Installation
Installing insulation on both your ground and intermediate floors can make a significant difference to your heating bills. In an average home, installing floor insulation will offer a significant saving, along with preventing 240kg of CO2 entering the atmosphere.
How to install underfloor insulation.
Many homes have suspended timber floors meaning insulation can be installed from above, by lifting floorboards, or from the crawl space below.
Utilizing the Insumate system simplifies this process. Once you have access to the floor joists the Insumate trays can simply be stapled in place.
Once the Insumate trays have been installed it is then simply a matter of rolling the insulation into the trays and ensuring all areas are covered.
Intermediate floors can also be insulated in the same way, particularly important if a bedroom is located above a cold space, such as a garage.

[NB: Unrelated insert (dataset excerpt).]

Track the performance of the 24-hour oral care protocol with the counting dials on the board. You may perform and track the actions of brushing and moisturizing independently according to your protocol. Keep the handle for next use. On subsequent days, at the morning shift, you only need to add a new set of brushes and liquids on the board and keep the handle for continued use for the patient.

Completing floor insulation installation will offer an average annual saving of £60. For a DIY project this could be paid back within just two years.
How to install cellar insulation
With access to the underfloor, cellar insulation using Insumate cellar trays is a very simple and quick process. First fill the void between the floor joists with insulation then staple the Insumate cellar tray to the underside of the joist.
Ensuring the void is filled and the insulation material is touching the underside of the floor will offer the best method of eliminating draughts to the room above.
The Insumate trays ensure that the insulation material is correctly ventilated, and also aids the prevention of condensation buildup within the insulation.
Meeting Building Regulations
Floor insulation within the UK should enable your floor to meet a thermal value of 0.25 W/m2K or less. This is the measurement of the rate of travel at which heat moves through the floor.
To achieve this value an average floor would require around 150mm of fibrous insulation.